Пока она это говорила, Артём с Максом повытаскивали всех щенков из коробки на гладкую плитку пола и те, отрывисто попискивая, на разъезжающихся лапах бросились атаковать их ноги.

— Этих вчера принесли, — пояснила женщина. — Кто-то возле остановки выбросил прямо в коробке. Может, возьмете хотя бы одного? Они похожи на метисов овчарки.

— Я бы взяла, — сказала я. — Но у моего папы аллергия на животных. Я бы хотела. Мне очень нужна собака.

— Всем нужно, чтобы их кто-то любил, но не все умеют сами любить. Вот поэтому и бросают. Не справляются. Чтобы любить, требуется много сил, терпения и души.


Вика схватила одного и засунула Максу под футболку. Корчась от щекотки в немых судорогах, он принялся извиваться на полу. Толстовка колыхалась, словно внутри него поселился Чужой.

Артём спросил, есть ли поблизости бензоколонка, и женщина рассказала, что она находится за мостом, но из-за половодья мы, возможно, уже не проедем на ту сторону. Артём немедленно заверил, что мы проедем где угодно и стал поторапливать Макса.

Однако стоило тому посадить щенка в коробку, как он устроил такой душераздирающий визг, что пришлось его снова достать.

— Давай возьмем собаку? — вдруг предложил Макс.

Артём насторожился.

— Зачем мне собака? Тебя вполне достаточно.

— Тогда я её себе возьму.

— Не. Ты возьмешь, а я тоже привяжусь. Очень надо, — Артём направился к выходу. — Помнишь Гая? Нет, конечно, не помнишь — это ещё до тебя случилось. Гай — черный терьер. Классный был, но кто-то подкинул через забор отраву, и он сожрал её. Я долго поверить не мог, что люди могут сделать такое просто из зависти или злобы. А потом поверил, так что теперь не хочу ни к кому привязываться.

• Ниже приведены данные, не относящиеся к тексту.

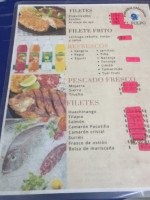 Mariscos El Pulpo food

— Это будет только моя собака и тебе не обязательно её любить, — глаза Макса стали по-детски молящими. — И привязываться тоже.

— Тогда и подавно не нужно. Как мы будем жить с ней под одной крышей без любви?

— Тём, я не шучу, — Макс встал.

— Давай потом поговорим, — сказал Артём родительским тоном. — В другой раз.

— Я именно этого хочу, — Макс кивнул на задремавшего в подоле толстовки щенка. — Ты же видел, он выбрал меня. Именно меня. Уж это-то ты должен понимать.

— Ему подойдет любой хозяин, который будет его кормить.

— Я тебя часто о чем-то прошу?

— Стоит привязаться к кому-то, и ты больше себе не принадлежишь.

— Да что ты заладил: привязаться, привязаться, — Макс разозлился.

— А если ты уедешь куда-то, куда нельзя брать собак? Она останется и будет страдать. Слышал, что женщина про ответственность говорила?

— Так и знал, что не согласишься, — лицо Макса сделалось каменным. — Просто так. Из вредности.